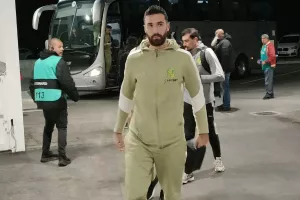 Η άφιξη της ΑΕΚ (φώτος kerkida)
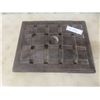 Image 1 : Cast Iron Stand Measuring 19" x 15" With Six Rubber Feet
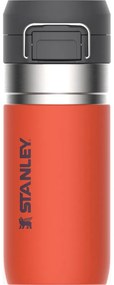 Stanley Quick Flip fľaša na vodu 470 ml, tigerlily, 10-09148-096
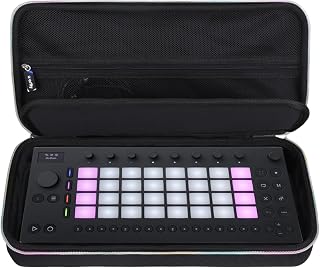 Case for Ableton Move 4-track Instrument & Accessories - Travel Protective Carrying Storage Bag (Black)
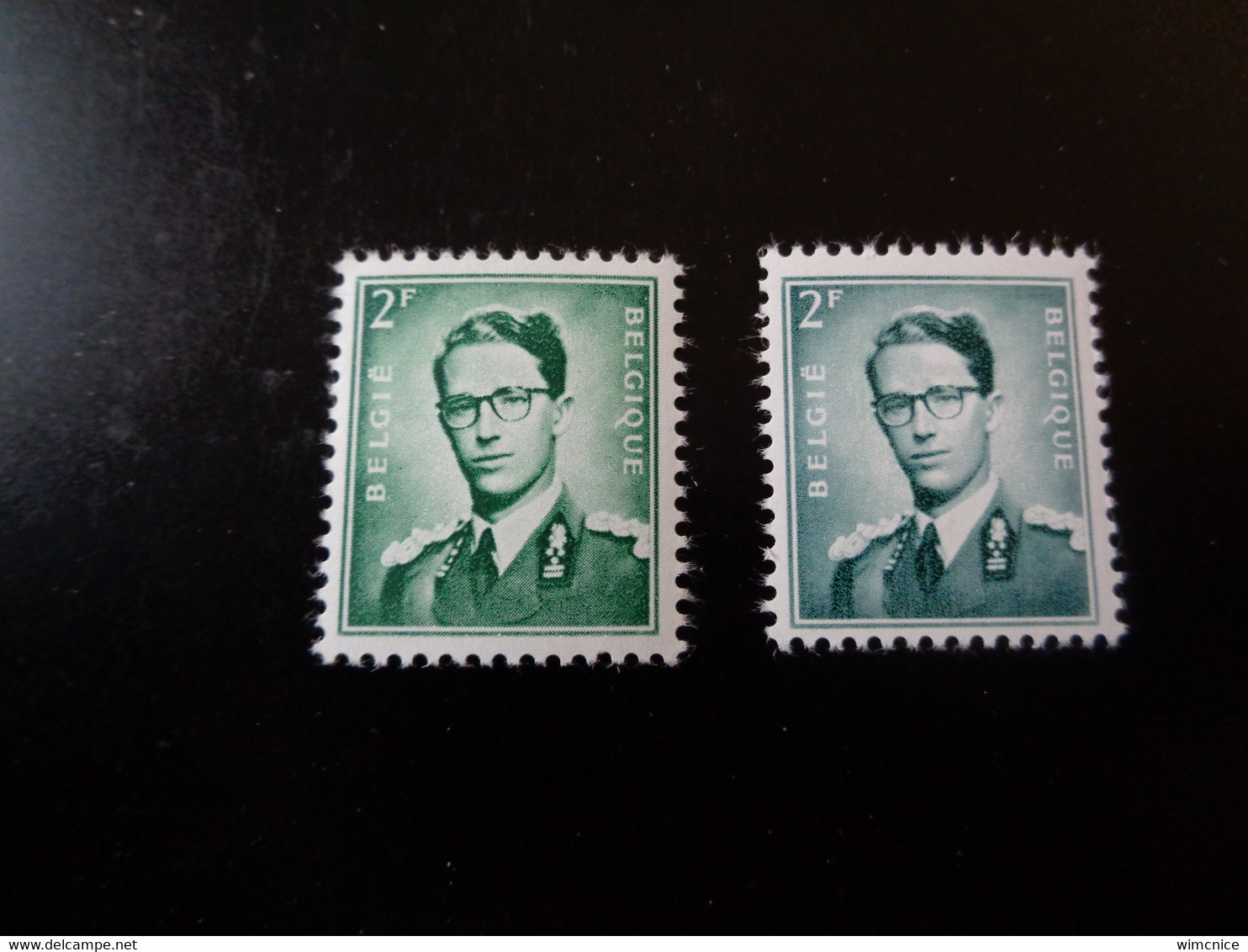 1066 1066a Xx MNH Kleuren - Couleurs Boudewijn Marchand - 1953-1972 Lunettes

→ **ASSIGNMENT**: Give back, word for word, the lines from the one containing "Stanley Quick Flip" through the last line of the listing above; include both ends and exclude the pictures.

→ **REPLY**:
 Stanley Quick Flip fľaša na vodu 470 ml, tigerlily, 10-09148-096
 Case for Ableton Move 4-track Instrument & Accessories - Travel Protective Carrying Storage Bag (Black)
 1066 1066a Xx MNH Kleuren - Couleurs Boudewijn Marchand - 1953-1972 Lunettes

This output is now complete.